In the News – Kids with Alopecia Areata Treated with Stem Cells
Snippet from the article:
Children with alopecia areata, a condition that causes extensive, sometimes complete hair loss, grew hair after being injected with stem cells drawn from their own scalp in a small study.
Most of the five girls and three boys who had widespread baldness showed regrowth of as much as half of their hair in a preliminary study from Marwa Fawzi, a dermatologist at the University of Cairo Faculty of Medicine. Before the experimental treatment, some of the children had splotches of hair and baldness; others were almost totally bald.
Read the full article — Kids Shunned for Hair Loss Get Help From Their Own Stem Cells
Keep in mind that this is a treatment for alopecia areata, not male pattern baldness. That being said, even though it was an early study with only 8 kids, it’s something to research further and I’m hopeful something will come of it.

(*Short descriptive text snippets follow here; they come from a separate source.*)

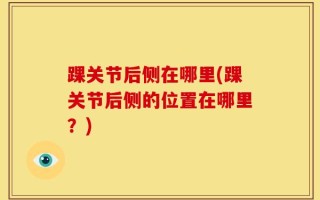 踝关节后侧在哪里(踝关节后侧的位置在哪里？)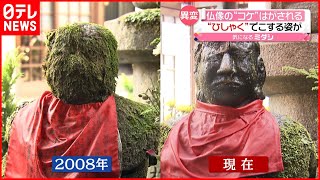 【異変】仏像の“コケ”はがされる「こんな顔をされているんですね」 大阪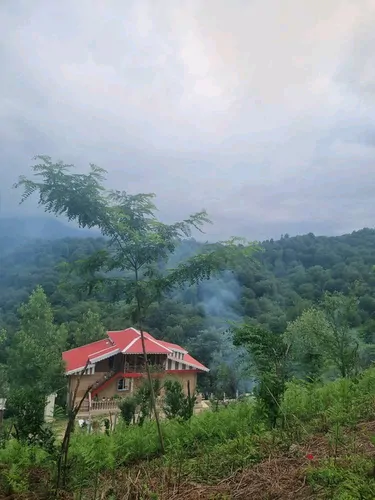 تصویر 2 - کلبه چوبی مهرداد (2) در شفت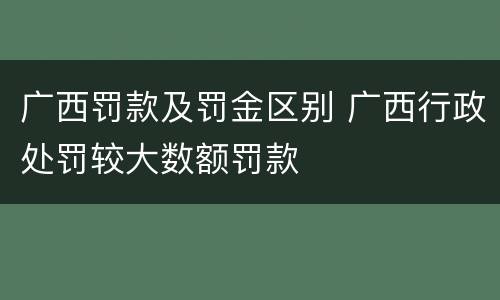 广西罚款及罚金区别 广西行政处罚较大数额罚款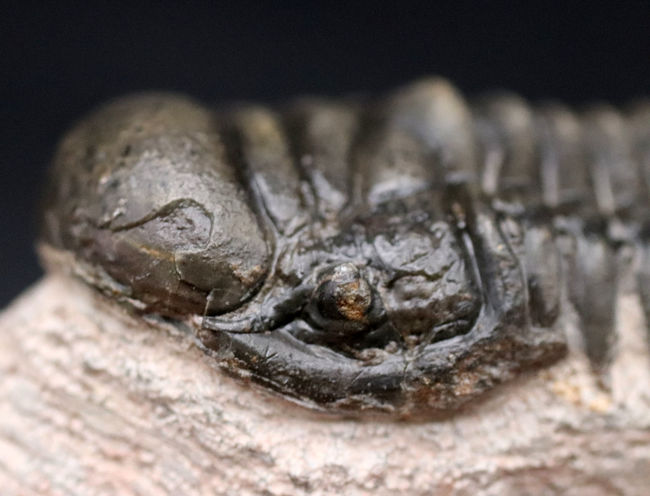 三葉虫、クロタロセファルス・ギブス(Crotalocephalus gibbus)の化石。三体の三葉虫が一つの母岩に同居したマルチプレート標本(その9)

I get that there is a clear difference between androgenetic and areata hair loss, but if it grew hair, it grew hair. I don’t understand why the process would be any different if it made use of stem cells. The hairs that grow back may be prone to falling out once again in time, but wouldn’t they grow back as normal hairs firstly? I don’t understand why this seems to have just been brushed under the rug, seems like a pretty big deal to me. One kid grew an almost entirely full head of hair from being completely bald? People with male pattern baldness aren’t even generally that bald. Seems far more impressive than anything Aderans, Histogen, etc… are doing.